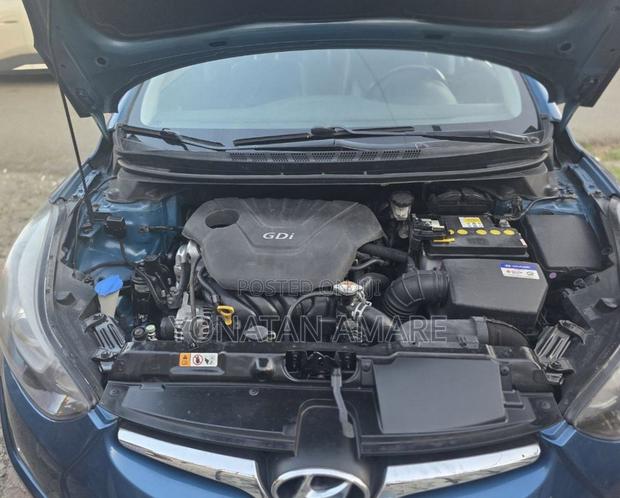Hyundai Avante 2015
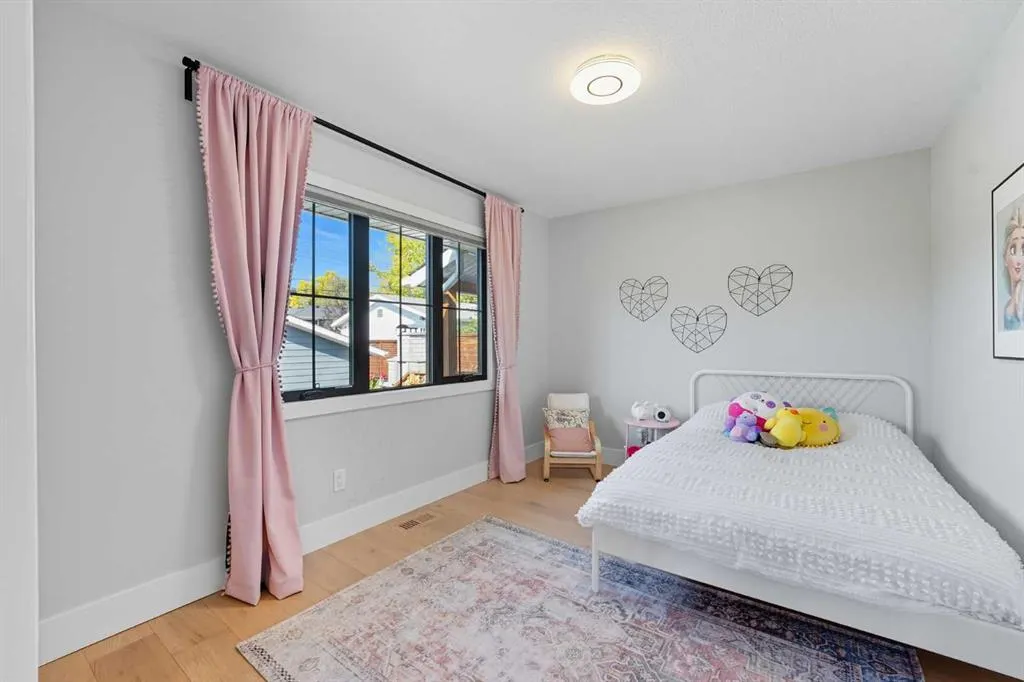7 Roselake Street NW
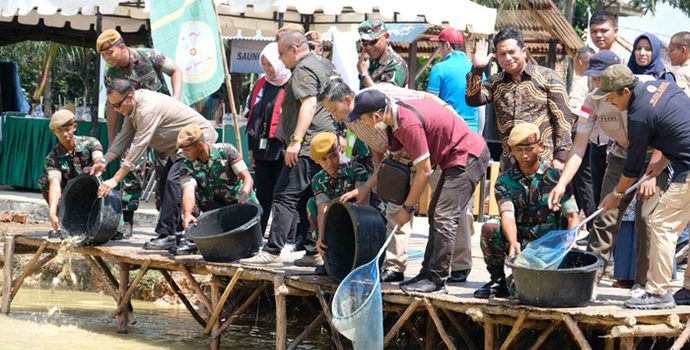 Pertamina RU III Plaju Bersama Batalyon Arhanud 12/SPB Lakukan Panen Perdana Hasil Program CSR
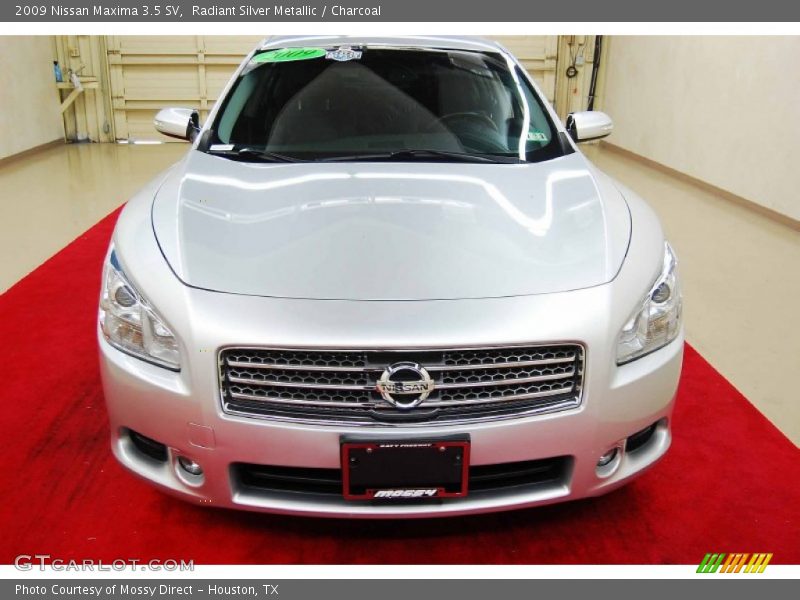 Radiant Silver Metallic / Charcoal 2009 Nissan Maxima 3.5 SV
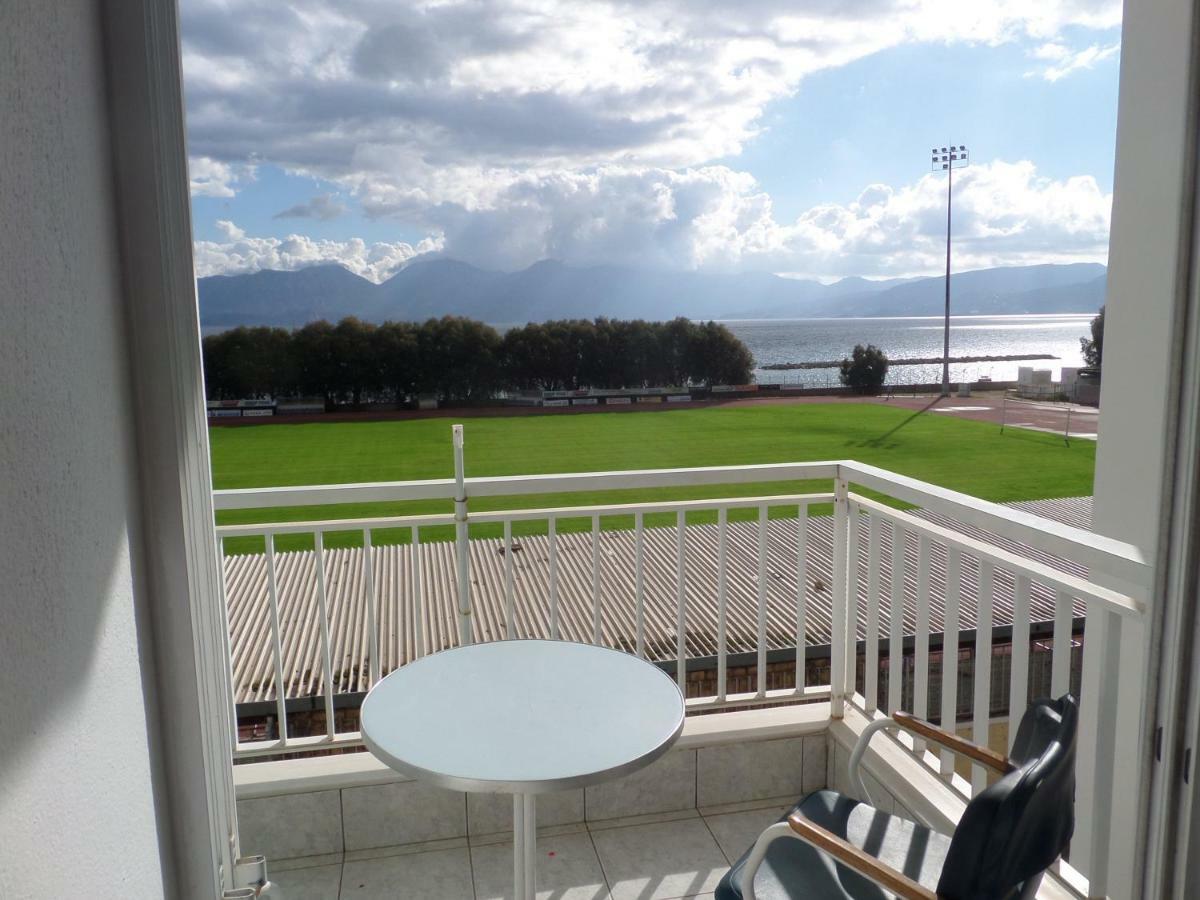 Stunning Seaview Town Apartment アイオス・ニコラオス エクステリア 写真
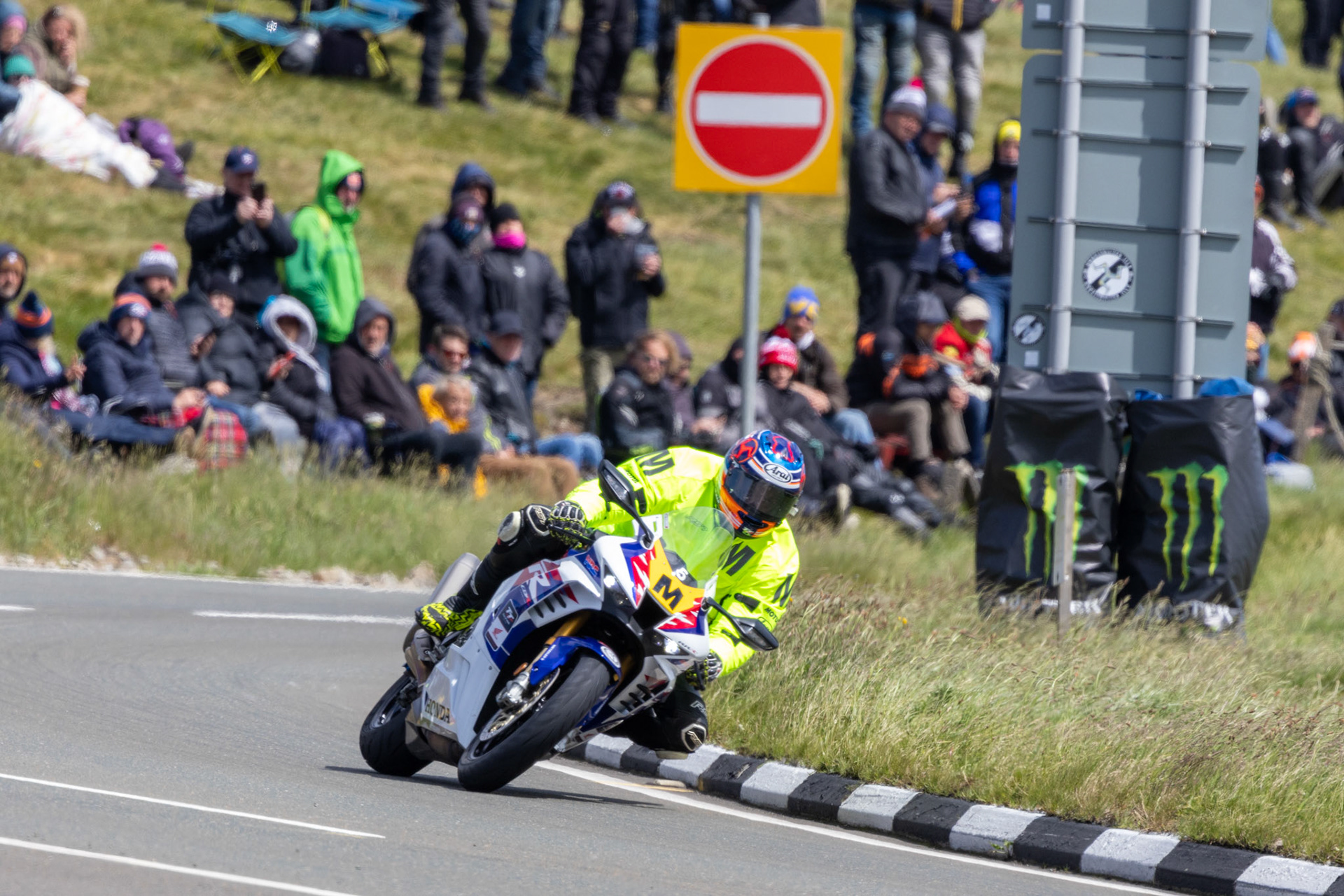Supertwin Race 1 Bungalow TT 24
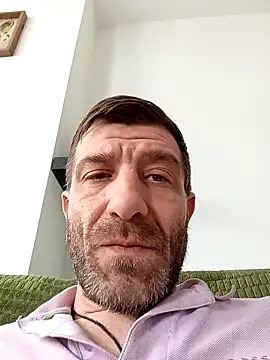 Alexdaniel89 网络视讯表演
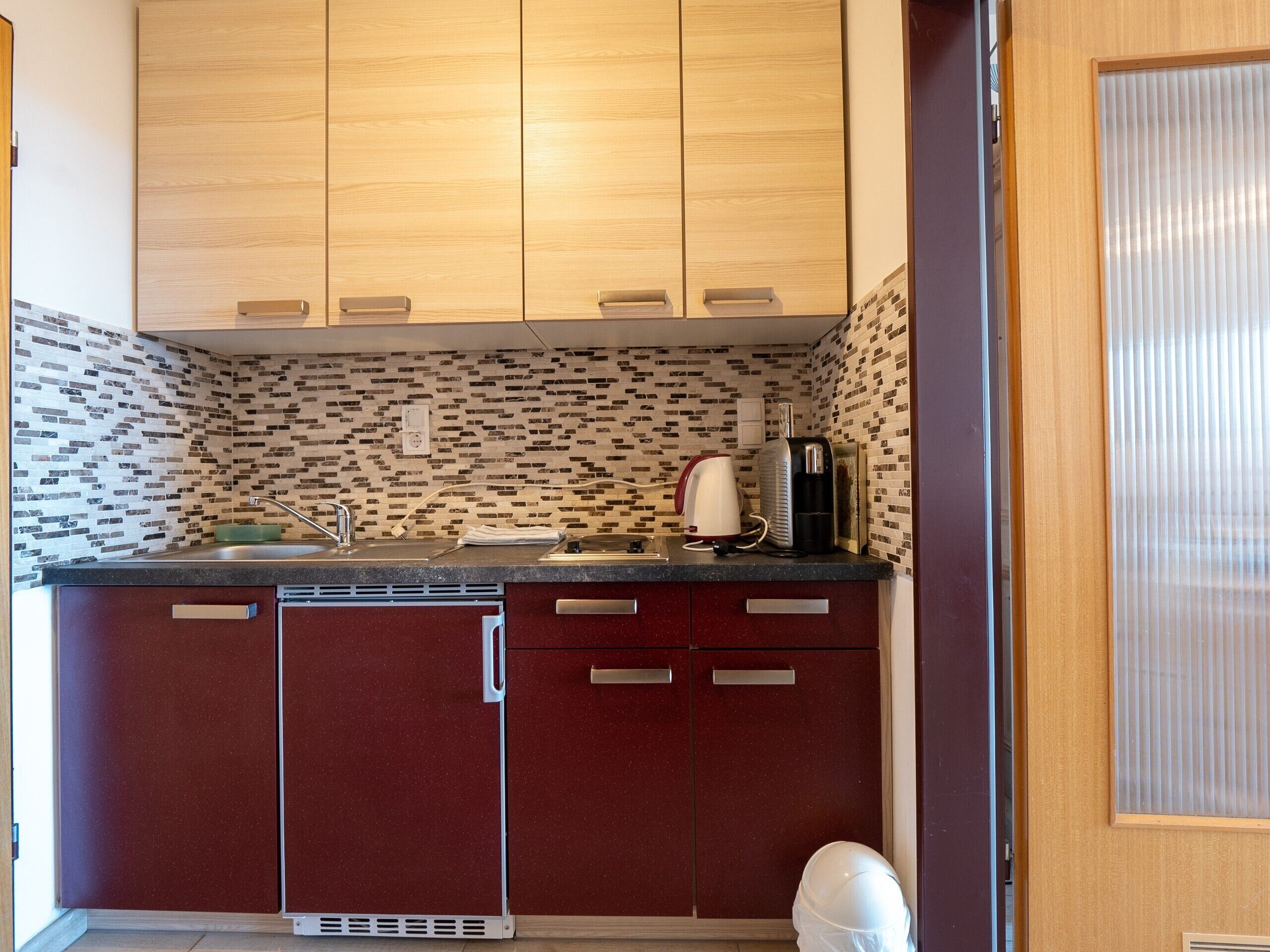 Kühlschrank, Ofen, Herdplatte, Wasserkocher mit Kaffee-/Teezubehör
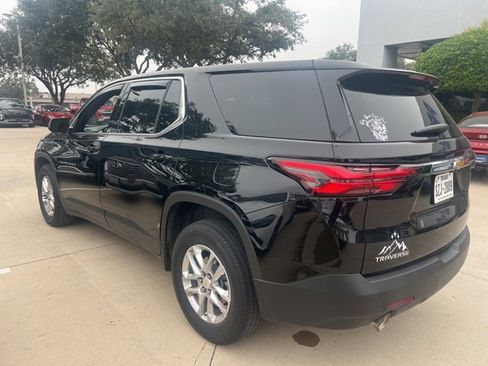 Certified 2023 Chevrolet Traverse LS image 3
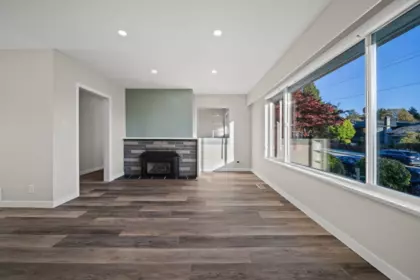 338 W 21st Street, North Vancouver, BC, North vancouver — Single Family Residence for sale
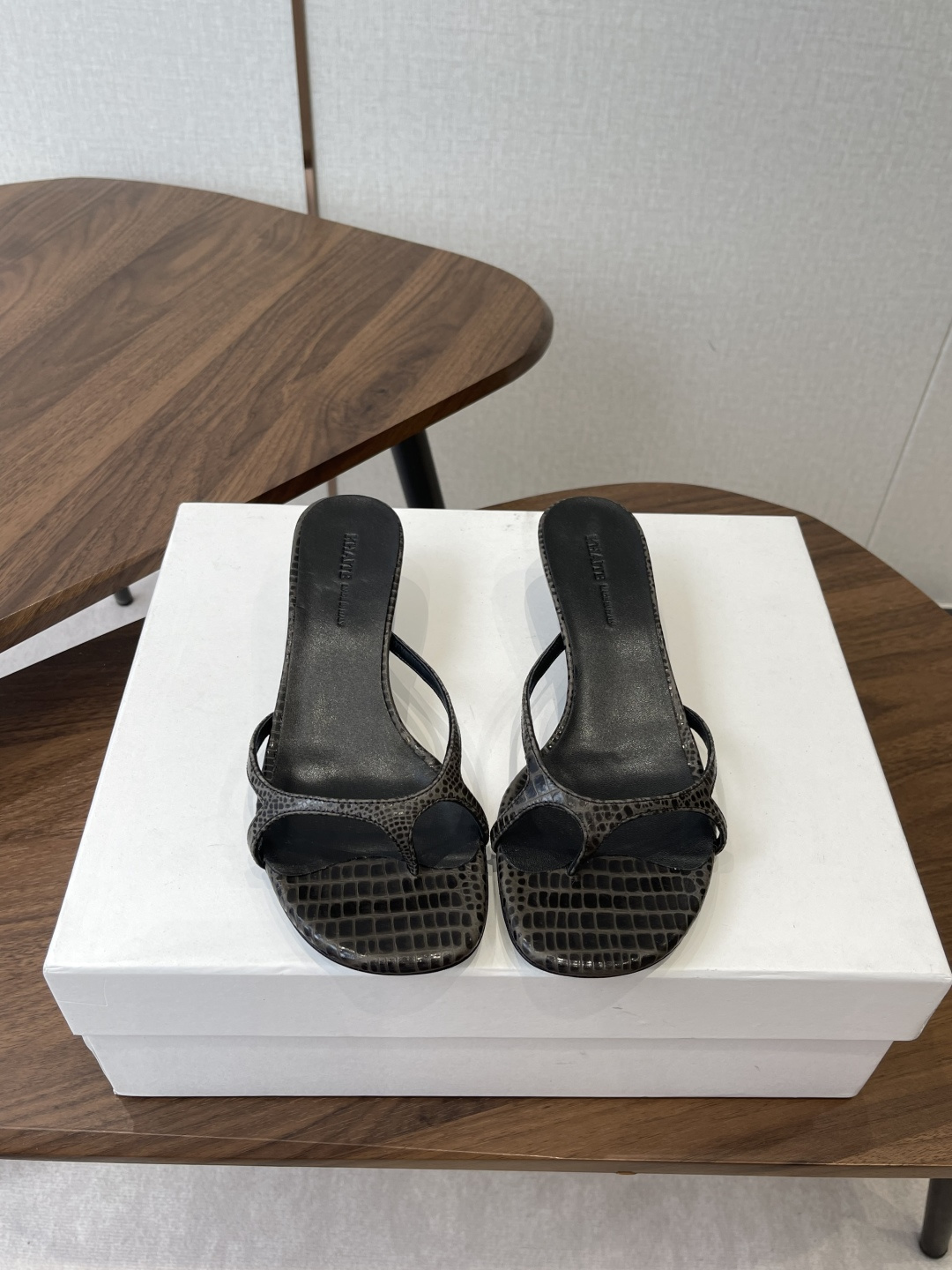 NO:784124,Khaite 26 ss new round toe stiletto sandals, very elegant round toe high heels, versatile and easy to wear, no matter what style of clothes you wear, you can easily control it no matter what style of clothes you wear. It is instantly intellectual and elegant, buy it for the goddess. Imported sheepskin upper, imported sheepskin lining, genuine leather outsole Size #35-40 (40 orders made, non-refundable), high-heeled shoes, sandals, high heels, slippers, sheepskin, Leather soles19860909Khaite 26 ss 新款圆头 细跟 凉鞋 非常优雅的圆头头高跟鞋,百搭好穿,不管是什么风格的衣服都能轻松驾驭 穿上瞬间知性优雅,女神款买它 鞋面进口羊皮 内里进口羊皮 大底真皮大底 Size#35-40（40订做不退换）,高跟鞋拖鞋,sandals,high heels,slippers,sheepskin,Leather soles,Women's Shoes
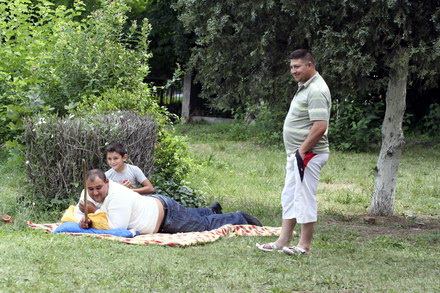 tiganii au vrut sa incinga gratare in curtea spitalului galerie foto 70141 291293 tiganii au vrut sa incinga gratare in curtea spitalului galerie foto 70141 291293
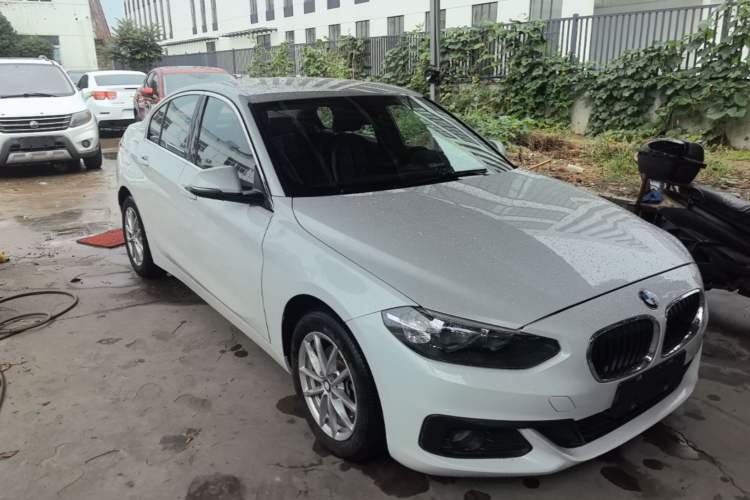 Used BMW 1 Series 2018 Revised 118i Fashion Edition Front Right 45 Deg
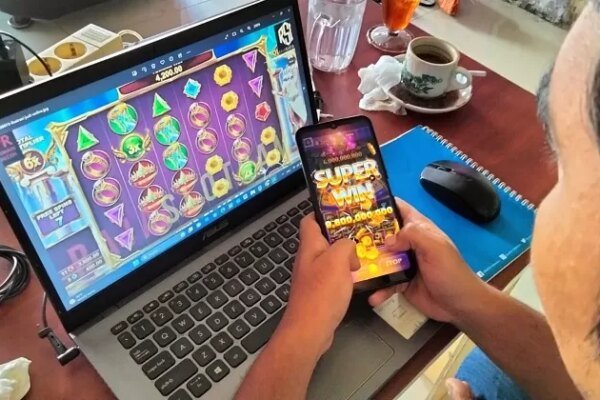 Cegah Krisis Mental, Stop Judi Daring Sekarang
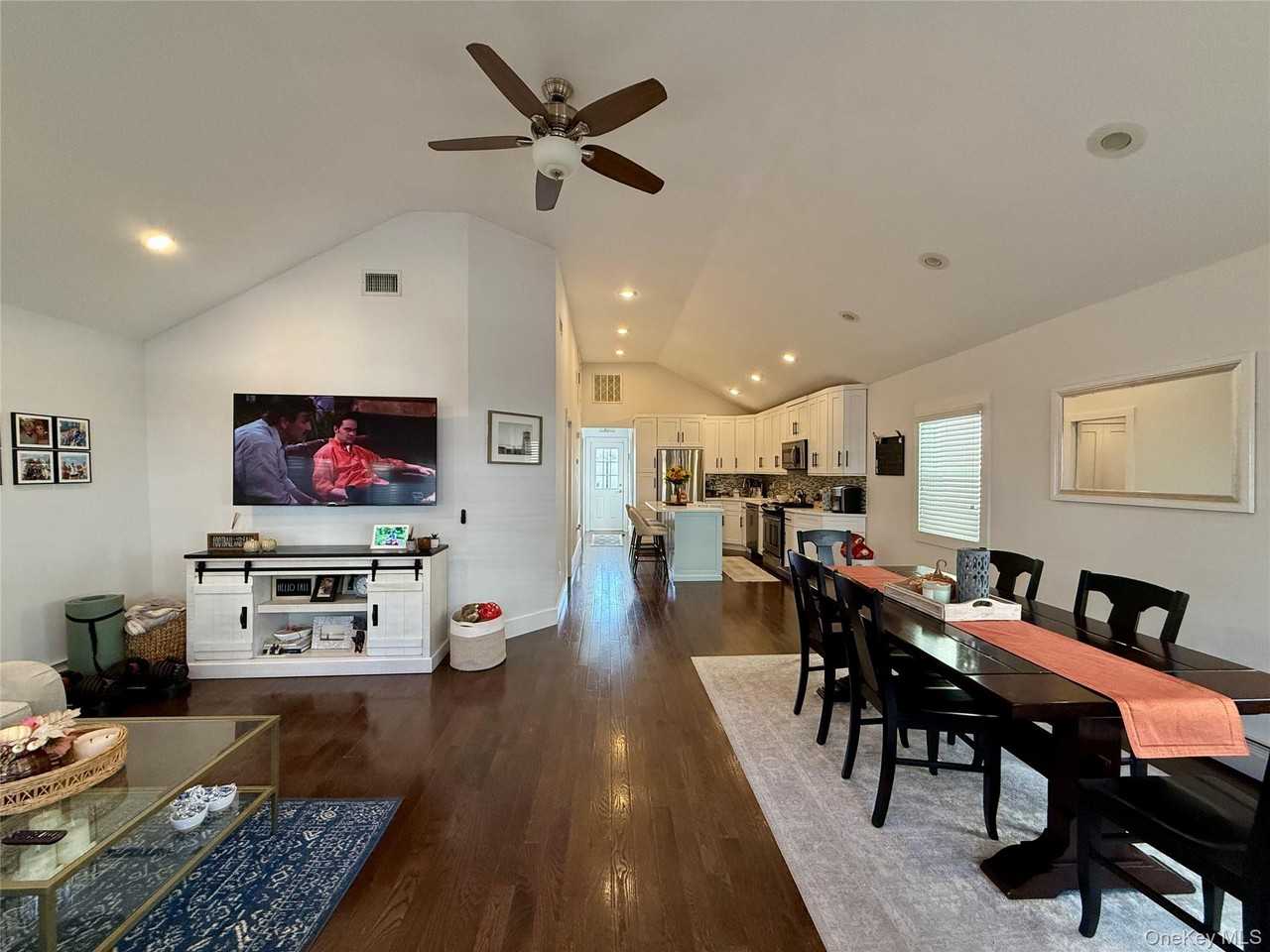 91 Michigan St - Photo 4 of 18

+ + +

Work instructions ::
All of the data gets printed again exactly; the pictures do not.

Written solution ::
Hyundai Avante 2015
7 Roselake Street NW
 Pertamina RU III Plaju Bersama Batalyon Arhanud 12/SPB Lakukan Panen Perdana Hasil Program CSR
 Radiant Silver Metallic / Charcoal 2009 Nissan Maxima 3.5 SV
 Stunning Seaview Town Apartment アイオス・ニコラオス エクステリア 写真
Supertwin Race 1 Bungalow TT 24
 Alexdaniel89 网络视讯表演
 Kühlschrank, Ofen, Herdplatte, Wasserkocher mit Kaffee-/Teezubehör
 Certified 2023 Chevrolet Traverse LS image 3
 338 W 21st Street, North Vancouver, BC, North vancouver — Single Family Residence for sale
 NO:784124,Khaite 26 ss new round toe stiletto sandals, very elegant round toe high heels, versatile and easy to wear, no matter what style of clothes you wear, you can easily control it no matter what style of clothes you wear. It is instantly intellectual and elegant, buy it for the goddess. Imported sheepskin upper, imported sheepskin lining, genuine leather outsole Size #35-40 (40 orders made, non-refundable), high-heeled shoes, sandals, high heels, slippers, sheepskin, Leather soles19860909Khaite 26 ss 新款圆头 细跟 凉鞋 非常优雅的圆头头高跟鞋,百搭好穿,不管是什么风格的衣服都能轻松驾驭 穿上瞬间知性优雅,女神款买它 鞋面进口羊皮 内里进口羊皮 大底真皮大底 Size#35-40（40订做不退换）,高跟鞋拖鞋,sandals,high heels,slippers,sheepskin,Leather soles,Women's Shoes
 tiganii au vrut sa incinga gratare in curtea spitalului galerie foto 70141 291293 tiganii au vrut sa incinga gratare in curtea spitalului galerie foto 70141 291293
 Used BMW 1 Series 2018 Revised 118i Fashion Edition Front Right 45 Deg
 Cegah Krisis Mental, Stop Judi Daring Sekarang
 91 Michigan St - Photo 4 of 18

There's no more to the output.